Hope I’m answering your question. If you do a standard (frequentist) statistical test, you will get a p-value. This gives an indication how extreme your data are. A p-value of 0.04 for instance means: “If we assume that the null hypothesis of no effect is true, then your data are quite extreme. If we would repeat your sampling many times, only 4% of your data would be more extreme.”
Extreme data like this, may be the result of wrong measurements with faulty instruments. They may also be caused by something else. But if we exclude those, we are left with two explanations:
- either this is an coindicidence. Extreme events do happen. People throw the dice and roll a series of ten 6’s. It happens.
- or your null hypothesis of no effect is not true.
Usually we have some threshold, such as 0.05 (or 5%). We say: “Hey, these data are so extreme that I don’t believe this is coincidence, I reject the null hypothesis of no effect. I know that I may be wrong, that the null hypothesis is true and that I reject it wrongly, but I am willing to accept that Type I error”.
We can rephrase the two explanations as follows:
- I have extreme data and the null hypothesis is still true, or:
- I have extreme data and the null hypothesis is not true
Or even shorter: “given these results, the null hypothesis may be true or not”. That’s all that frequentist statistics learns us. The reason is that frequentist statistics gives statements about the data (“these data are extreme, assuming H0 is true”) and not about the hypotheses. If you want to know: “given these data, how likely is it that H0 is true?” then you need bayesian statistics. Frequentist statistics can’t answer that one.
Example: a group of patients responds well to a certain medicine. Does this mean this medicine will be effective in the population? Statistical analysis shows that IF the medicine would be ineffective, these results would be in the extreme 2%. Now your reasoning is:
- either this is coindicidence, my patients improved spontaneaously. Things like that happen. It is extreme, but it does happen
- or: my null hypothesis of no effect is not true, and therefore I must conclude that this medicine IS effective
If your colleague asks: so, does the medicine work? You can’t asnwer that. All you can say is: “given the results, the medicine may be work or not”.

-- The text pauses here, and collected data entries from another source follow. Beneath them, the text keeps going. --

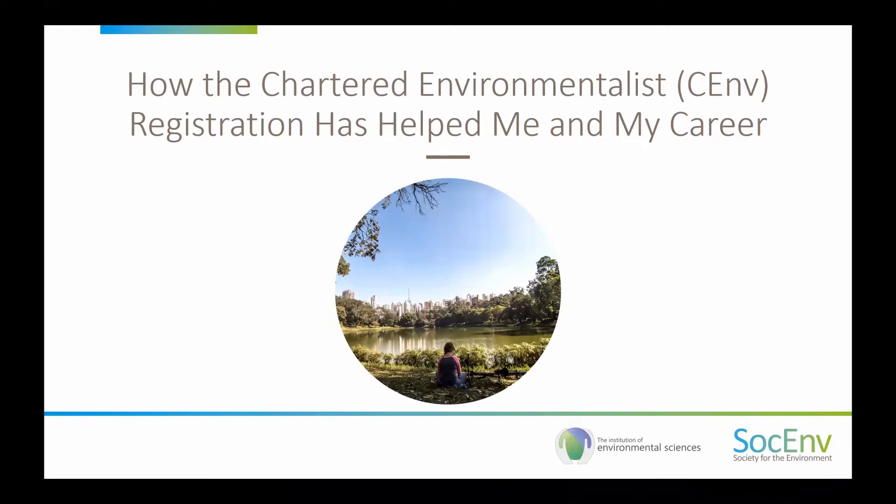Hello and welcome. I hope you're all well and staying safe, and thank you very much for joining us today. This is a special webinar in partnership with the Institution of Environmental Sciences, or the IES. This webinar is focused on the value of Chartered Environmentalist, or CEnv, registration. We're going to be hearing from and chatting to three environmental professionals who hold CEnv registration.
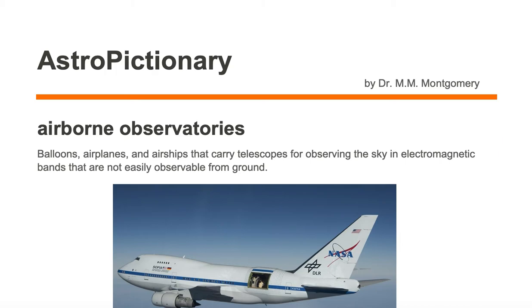Airborne observatories are balloons, airplanes, and airships that carry telescopes for observing the sky in electromagnetic bands that are not easily observable from ground.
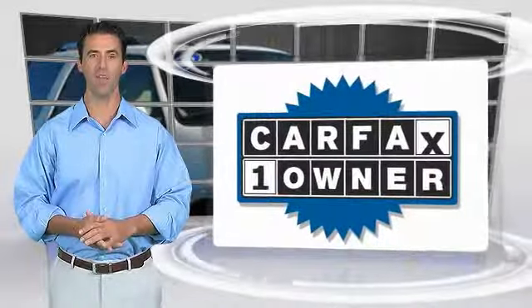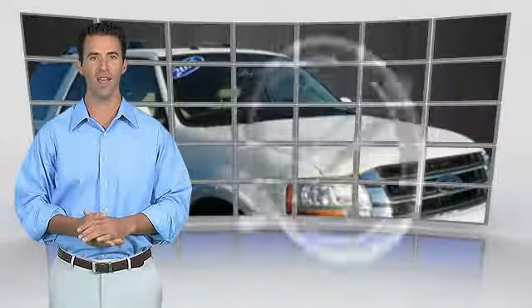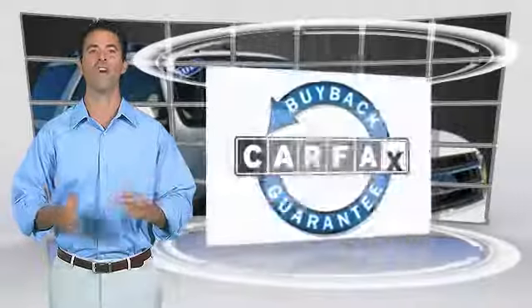This is a one-owner vehicle with the Carfax Vehicle History Report. Be sure to find a complimentary copy of this report online or contact the dealership. This vehicle qualifies for the Carfax Buyback Guarantee.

If she asks: “How sure are you? What is your false positive rate?” then you can’t answer that one. “Either it works, or it doesn’t”.

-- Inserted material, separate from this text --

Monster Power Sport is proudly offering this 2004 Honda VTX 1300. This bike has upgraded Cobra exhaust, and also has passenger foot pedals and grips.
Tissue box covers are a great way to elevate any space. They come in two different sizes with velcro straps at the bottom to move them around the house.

A false positive rate (as used in daily life) would be: “of all 100 discoveries of medicines claimed to be effective, only 75 really work. We have 25 cases of false positives.”
This is different from Type I error, which says: “Assuming the medicine does not work, for every 100 times we say that the medicine does not work, we are mistaken 5 times in which it DOES work”
Hope this helps…if I’m stating the obvious, please say so and I will gladly remove this post.